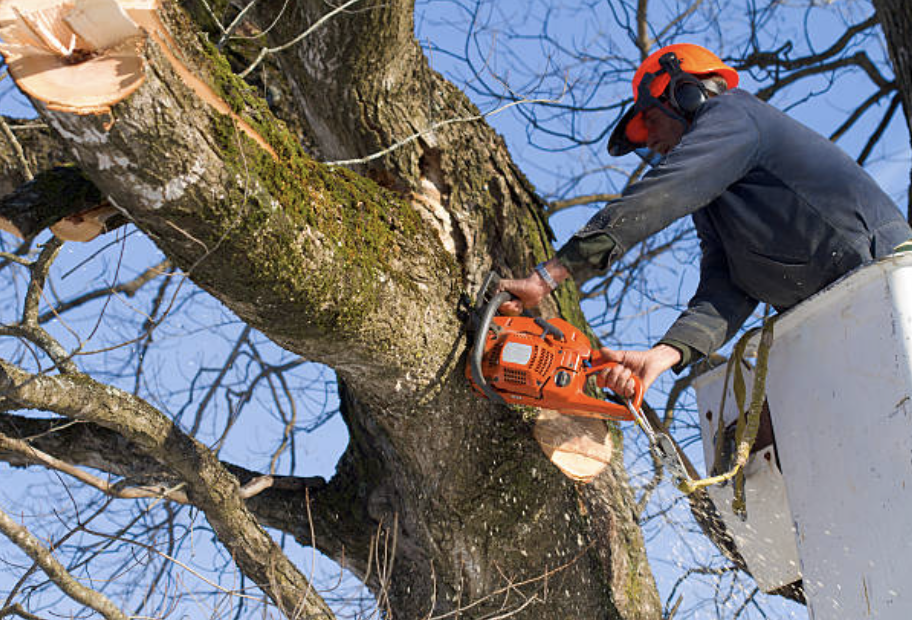 tree pruning in Ropesville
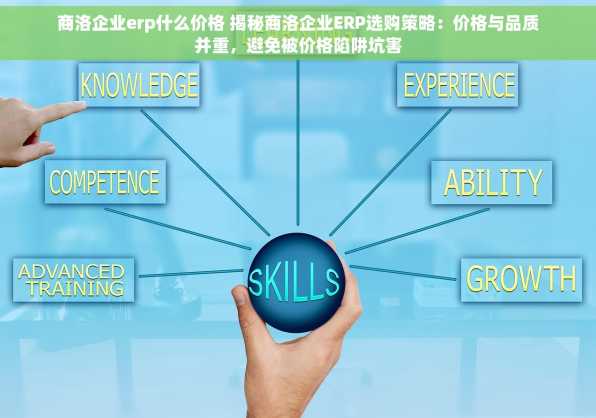 商洛企业erp什么价格 揭秘商洛企业ERP选购策略：价格与品质并重，避免被价格陷阱坑害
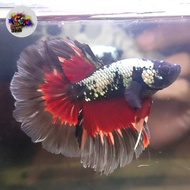 ikan cupang Halfmoon semi rosetail Avatar Cooper nemo male kode 005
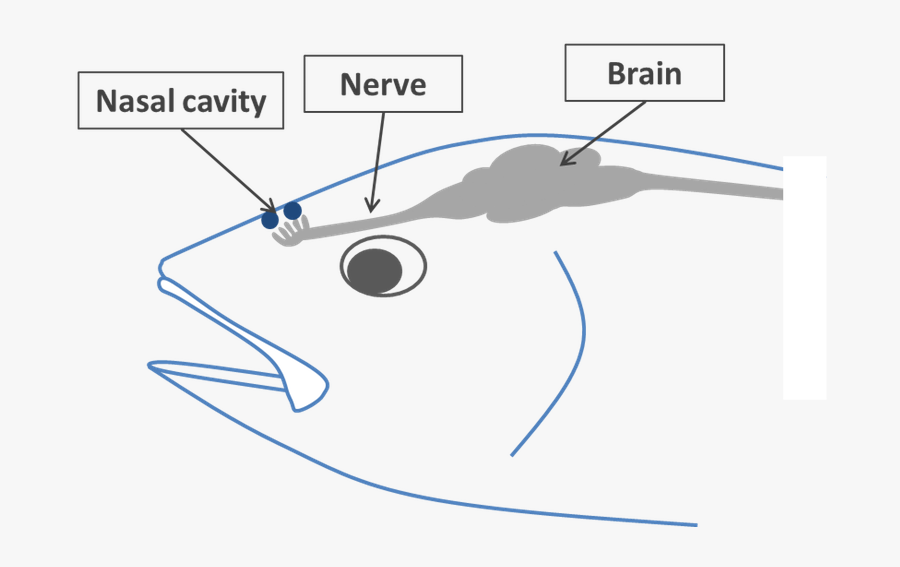 Nasal Cavity In A Fish, Transparent Clipart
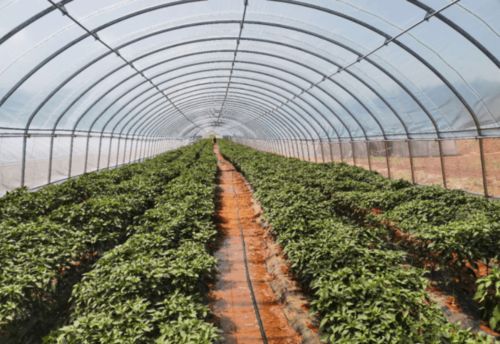 凌源市入选国家“互联网+”农产品出村进城工程试点 特色农业迎来发展新机遇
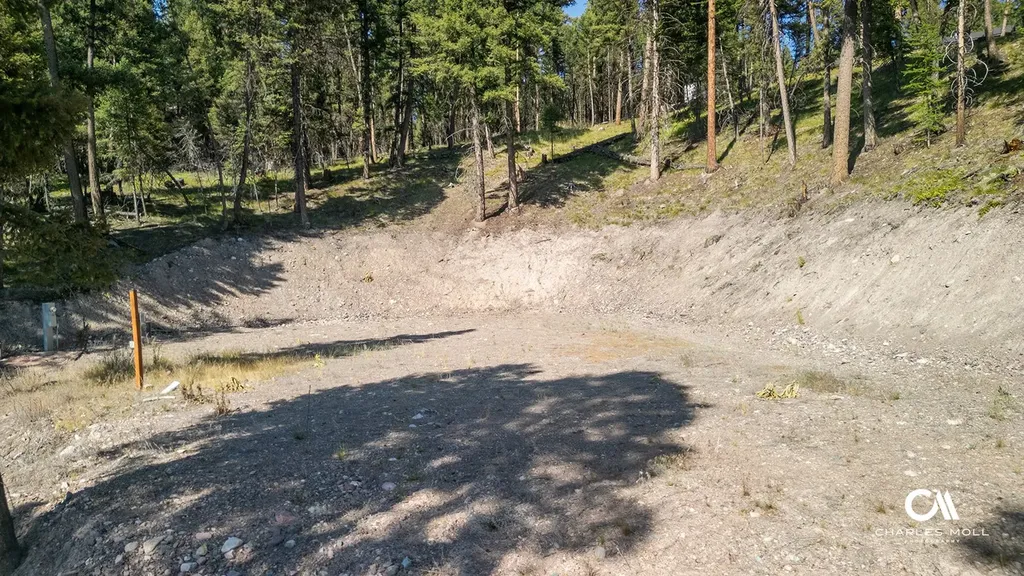 170 Leota Peak Court Seeley Lake MT 59868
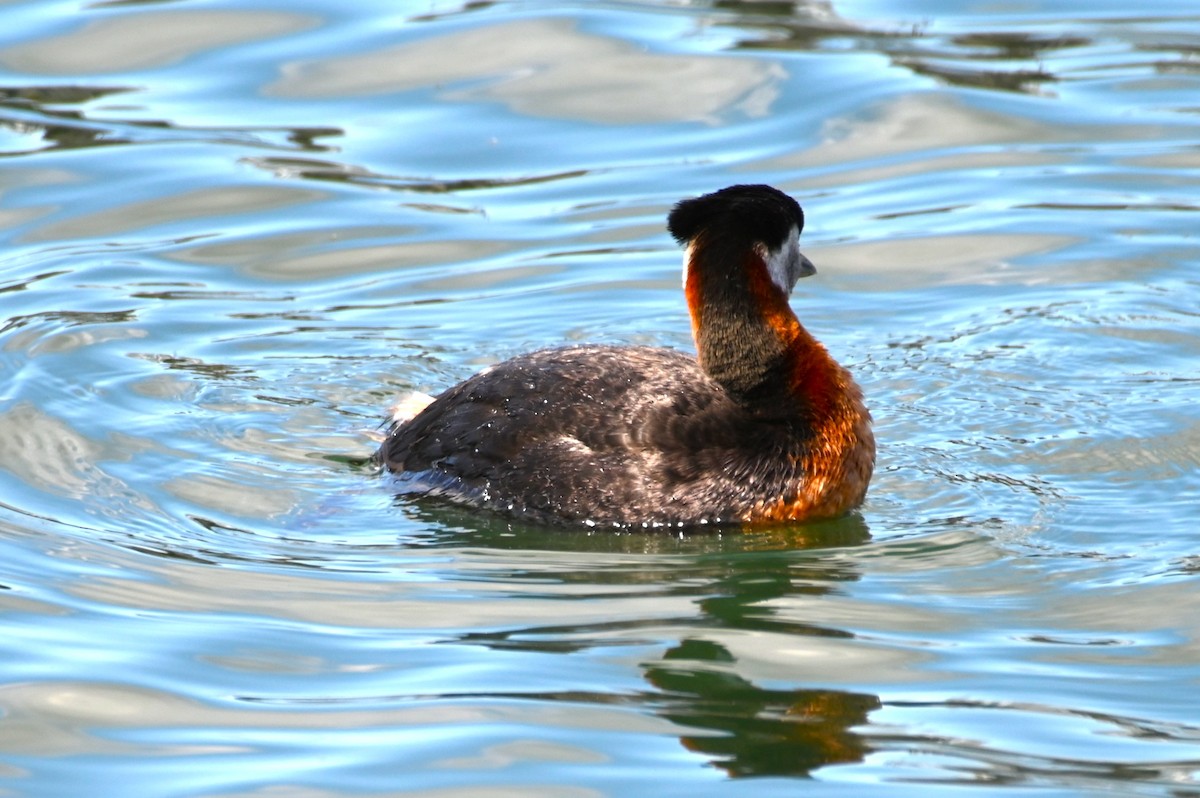 Red-necked Grebe - ML618682323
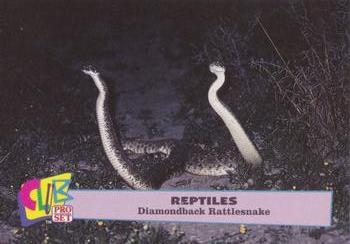 1992 Smithsonian Institute Reptiles #9 Diamondback Rattlesnakes Front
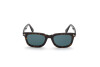 Sunglasses Tom Ford Dario FT0817 (52V)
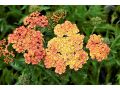 Achillea millefolium 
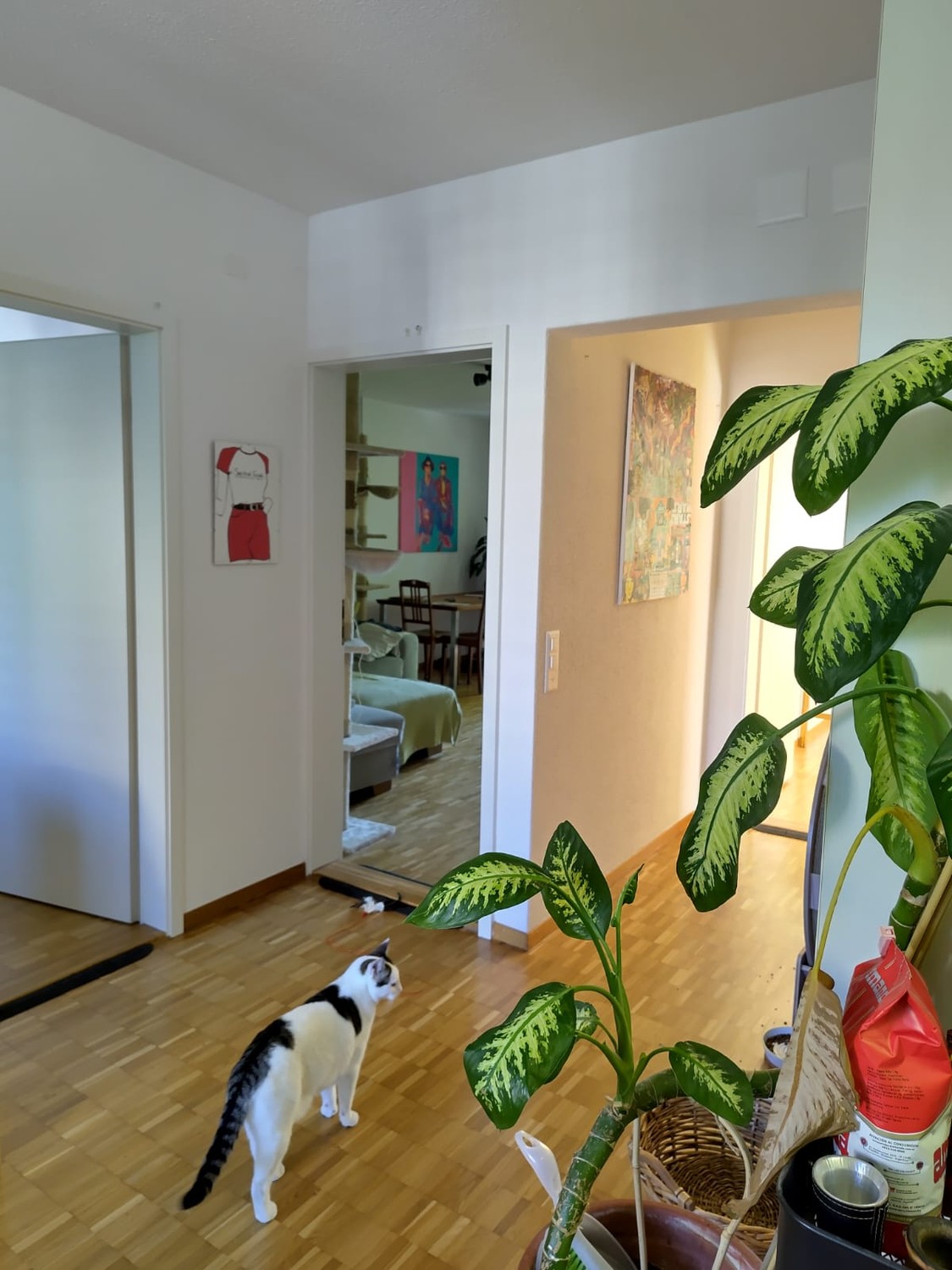 Room in a shared flat, photo 7 of 7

Instructions to follow ▸
Set down the lines from the one containing "1992 Smithsonian Institute" through the last line of the records above, both included, exactly as they appear and with no other text. Pictures should not be set down.

Problem solution ▸
 1992 Smithsonian Institute Reptiles #9 Diamondback Rattlesnakes Front
 Sunglasses Tom Ford Dario FT0817 (52V)
 Achillea millefolium 
 Room in a shared flat, photo 7 of 7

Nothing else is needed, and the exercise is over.